Are there wider lessons in all of this for how we think and talk about antisemitism?

One of the things I’ve been the most struck by is how personal antisemitism is. That’s probably true of a lot of forms of discrimination, but because most Jews — especially on college campuses — are not identifiably Jewish, we get to choose how we engage with our Judaism on campus. We get to choose who we tell about our Judaism. So people can genuinely experience antisemitism in wildly disparate ways. 

For example, I know some Jewish college students who talk about Zionism like Shabbat observance. They say, “I was brought up with this Judaism where Israel was an integral part, and to tell me that I have to set Israel aside if I want to participate in an event on campus would be like telling me that it’s fine if you’re Jewish, but you can’t keep Shabbat, or you can’t eat kosher.” That’s genuine for those students. But there are other Jewish students who tell me that anti-Zionism is integral to their Jewish identity, or at least being critical of Israel is, and so they don’t feel welcome in Jewish spaces on campus. They feel they don’t have a Jewish home on campus, and that’s antisemitic to them.

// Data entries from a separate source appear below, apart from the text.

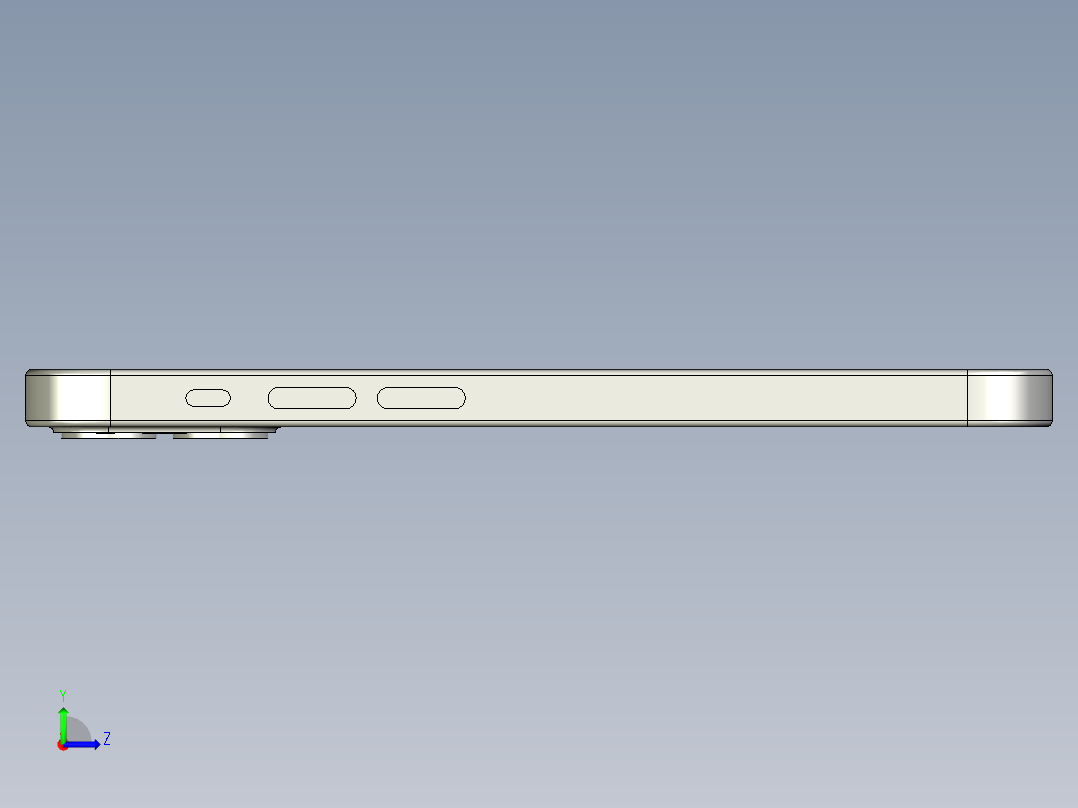 A0002471-iPhone 12 mini手机左视图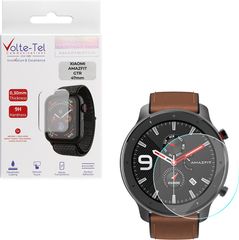 Volte-Tel Tempered Glass Xiaomi Amazfit Gtr 47mm 1.39'' 9H 0.30mm 2.5D Full Glue Full Cover - (5205308285912)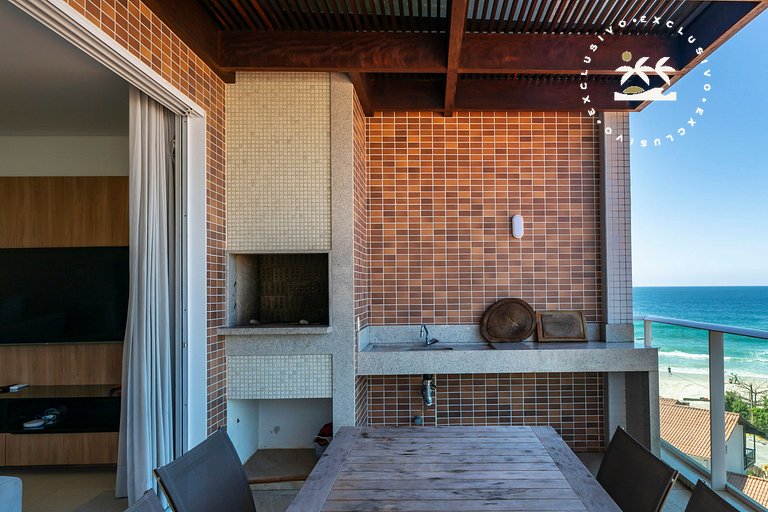 Varandas do Atlântico 502A – Frente Mar em Bombas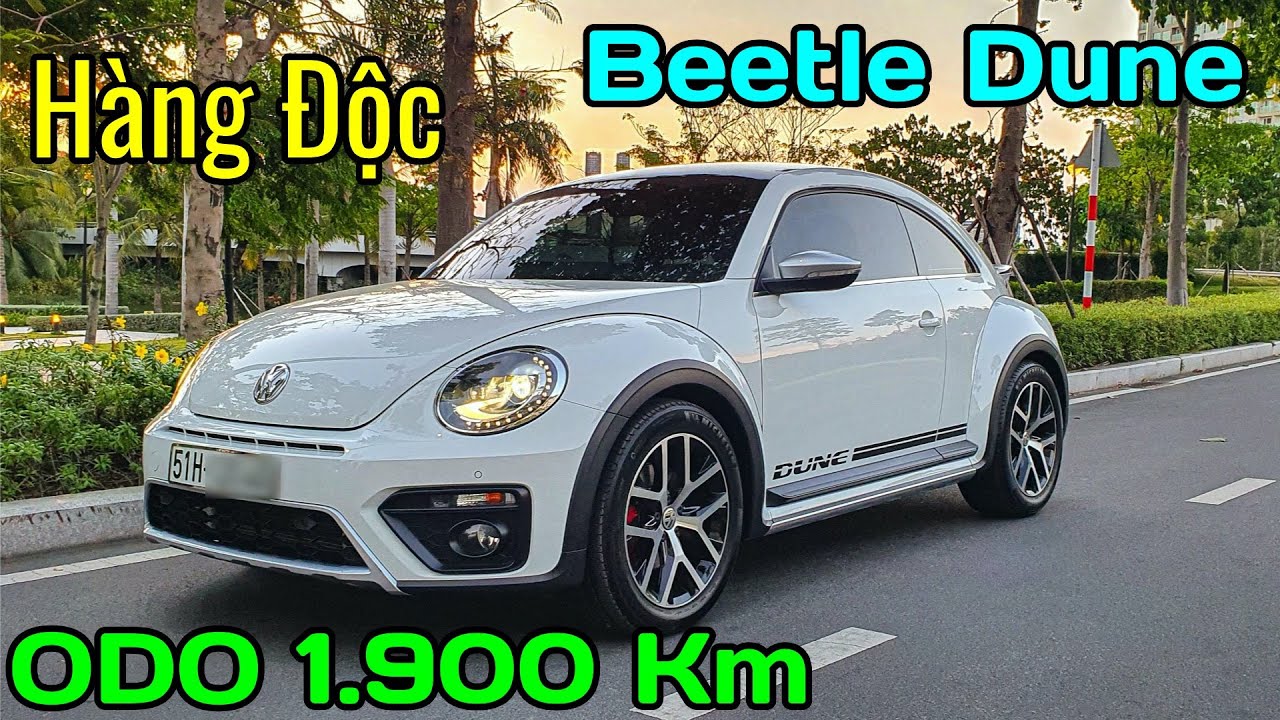 [ Hàng Hiếm ] Xe Con Bọ Beetle Dune Chạy Mới 1.900 Km Đẹp Lạ Độc Bản ...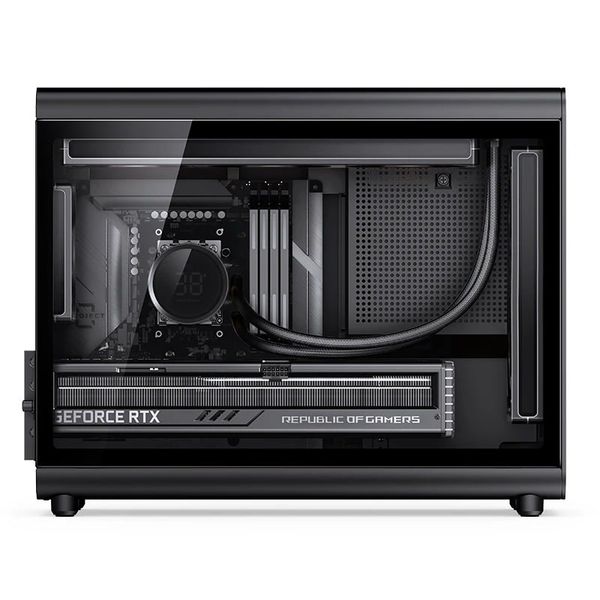Case Jonsbo D33 Black Micro-ATX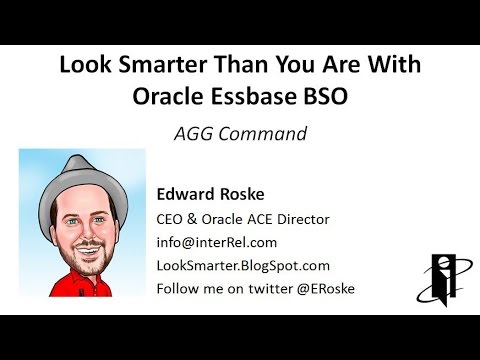 Essbase AGG Command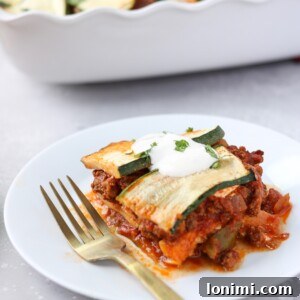 Paleo Mexican Lasagna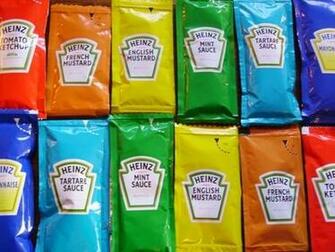 Multicolor Ketchup Food Sauce Wallpaper High
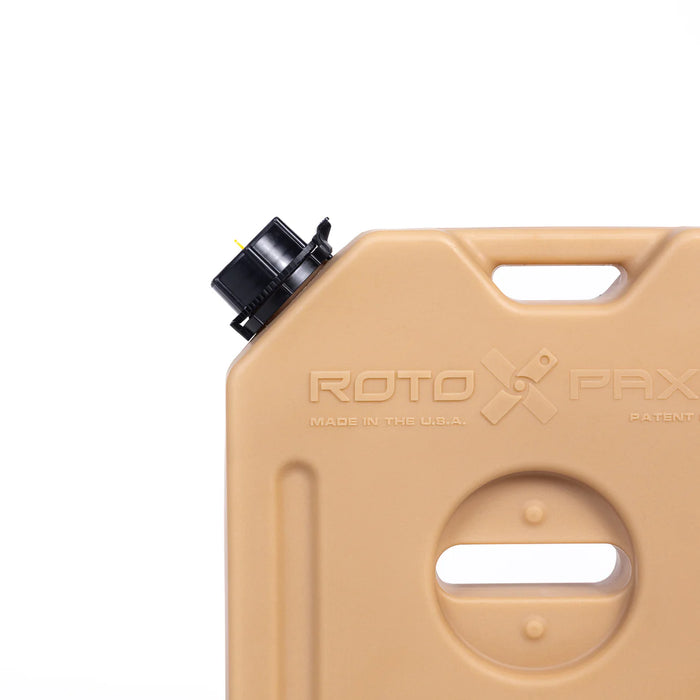 Rotopax 2 Gallon Water GEN 2 Tan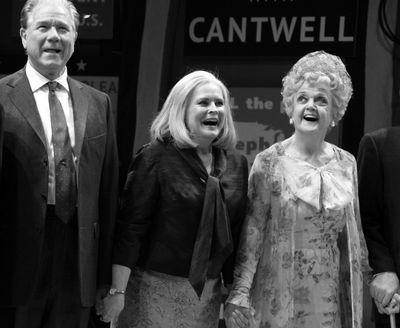 John Larroquette, Candice Bergen & Angela Lansbury Photo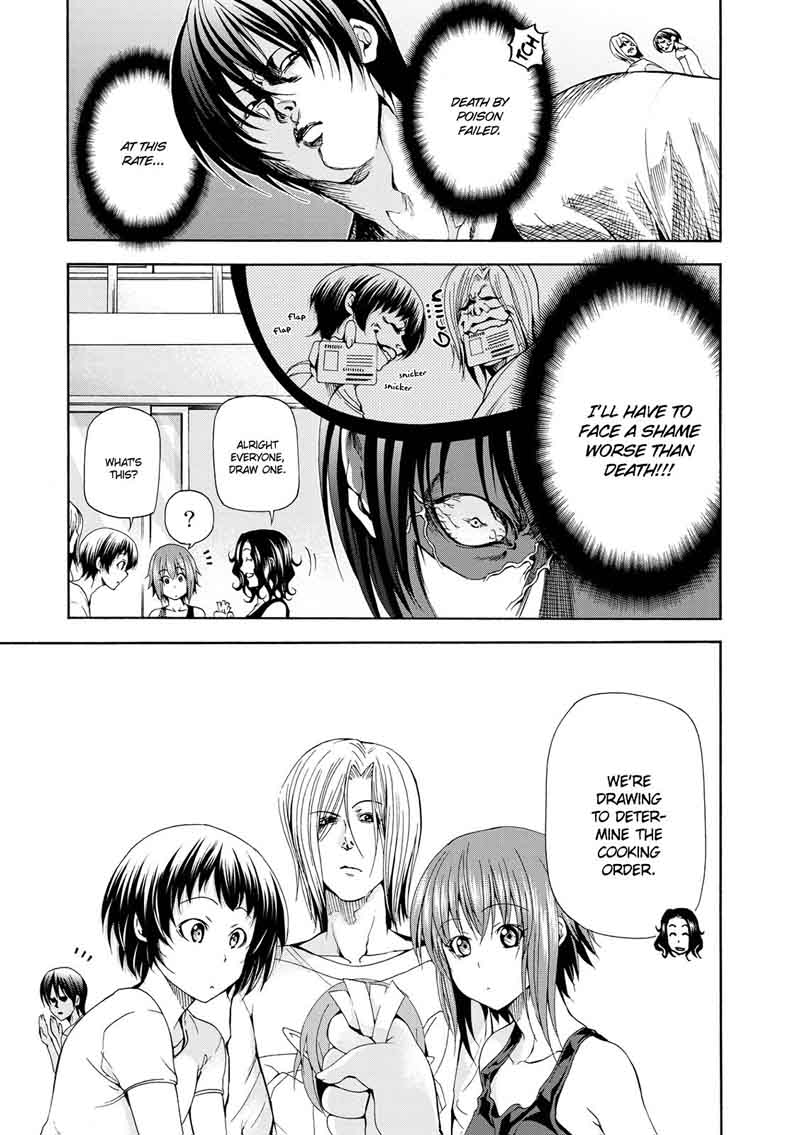 Grand Blue Dreaming Manga Chapter 18 page 16 - It's a Misunderstanding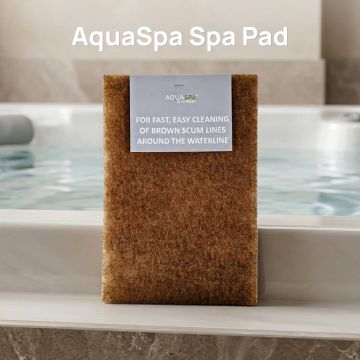 AquaSpa Waterline Scum Cleaning Pad – Spa Accessory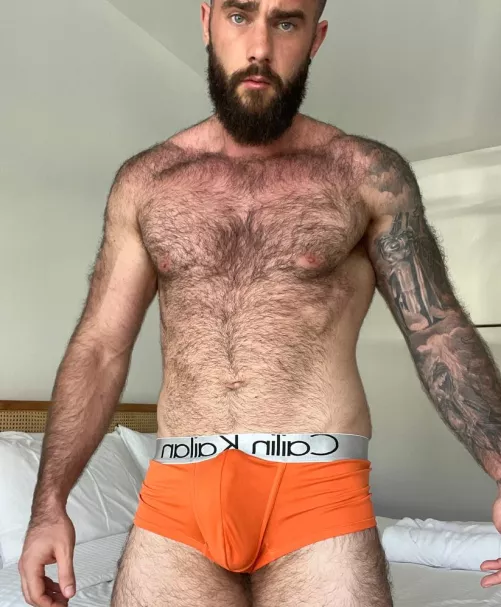 Be honest, Would you bite a working dad bulge?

It’s a reminder that it’s really important not to dismiss those feelings, because it’s easy to do that when we get into the political discussion of saying that of course it’s not antisemitic to exclude someone from your group because they’re Zionist, but then you have a group of Jewish students who feel excluded and say it is antisemitic. It’s an important reminder to try to hear people and hear where they’re coming from. We’re not talking about organizations here — but individuals are usually acting in good faith.

Given that, it’s really hard to make policies that are going to address antisemitism in a way that makes sense for everyone. Because if people do have such disparate experiences of Judaism and antisemitism, how do you tell a university what it should do about it? 

Antisemitism looks different for different people, and it’s important to be careful, when you’re trying to apply blanket policies, that we don’t erase that complexity.